福岡に水素エネルギー利用技術の研究開発拠点設立
 トヨタ自動車や新日鉄、新日本石油など約60社と九州大学、福岡県は共同で、福岡の九大新キャンパス内(05年開学予定)の”水素利用技術センター”に、水素エネルギー利用技術の研究開発拠点を開設する。7月には推進機関”福岡水素エネルギー戦略会議”が発足、会長には新日鉄の八木副社長、副会長にはトヨタの渡辺専務が就任する模様で、事務局は福岡県におく。
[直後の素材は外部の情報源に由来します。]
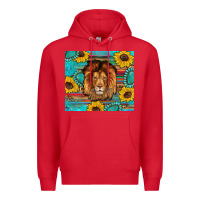 Red western lion tumbler Premium Hoodie - Artiststas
戦略会議には日産自動車、松下電器産業、日立製作所、三菱商事なども参加を予定しており、産業界から幅広く参加を募って先端技術の集積を目指すとしている。
(日本経済新聞04年5月29日,西日本新聞6月2日、鉄鋼新聞6月9日)
 

超微細黒鉛ナノチューブ(GNT)の開発
 「黒鉛のテープをらせん状に巻いて固めた超微細なチューブを開発し、それを“グラファイトナノチューブ(GNT)”と名づけた」と、科学技術振興機構“相田ナノ空間プロジェクト”の福島研究員らが雑誌“サイエンス”に発表した。カーボンナノチューブ(CNT)に似た性質を持つが、簡単な製法で効率よく生産できる。GNTの長さは十数μm、太さはCNTのそれに比べて10倍強で20nm、表面は水になじみやすい。相田東大教授は「CNTの生成反応には高温、高い真空度という過酷な条件が必要であるが、GNTは化学処理したシートをある溶剤に入れ、温めながら溶かしてから冷やせば、自然に合成される」と簡単な製法のメリットを強調している。
(フジサンケイビジネスアイ04年6月4日)
 

DMEの実用化を目指した実証実験
 北九州市立大学、九州電力、Jパワーなどが参加する九州DME研究会(藤本北九州市立大学教授)は、05年度にも北九州市でDMEの実用化に向けた実証試験を開始する。試験では自動車、FC、デイーゼル発電機など複数の利用方法を同時に検証する他、その運転情報などをデーターベース化して、DME利用技術の確立に生かすとしている。
(電気新聞04年6月9日)
 

東ガス管内で都市ガスコージェネ累積設備容量が100万kW突破
 2003年度末で、東京ガス管内の都市ガスコージェネレーション累積設備容量が100万kWを突破、前年同期比17.3%増の107万2,000kWになった。最近10年で3倍に増加、特に産業用の伸びが著しい。設備容量の内訳は、民生用が同9.5%増の31万2000kW、産業用が同20.8%増の76万kWであった。
(電気新聞04年6月10日)
 日本ガス協会のまとめによると、2003年度末における全国の都市ガスコージェネレーションの累積設置容量は、前年度比10%増の295万6000kW、設置件数は123.7%増の5,799件であった。家庭用は、発電出力1kWのガスエンジンコージェネ“エコウイル”が爆発的に普及したため、設置件数が463.4%増の2,941件と大幅に増加した。
(電気新聞04年6月15日)
 

シャープ、ニューメキシコ州と太陽光発電・FCなどの技術開発で提携
 シャープは、6月16日「アメリカ・ニューメキシコ州と、太陽光発電やFCなど新エネルギー技術開発を共同で進めることに合意した」と発表した。同州にはサンデイア国立研究所やロスアラモス国立研究所など有力な研究施設が立地するとともに、州立大学が太陽光発電の研究に取り組んでいる。州政府が橋渡し役となって、州内の研究施設とシャープとの共同研究に着手する。
(読売、朝日、毎日、日本経済、産経、日経産業、日刊工業、電波新聞、フジサンケイビジネスアイ、化学工業日報、河北新報04年6月17日)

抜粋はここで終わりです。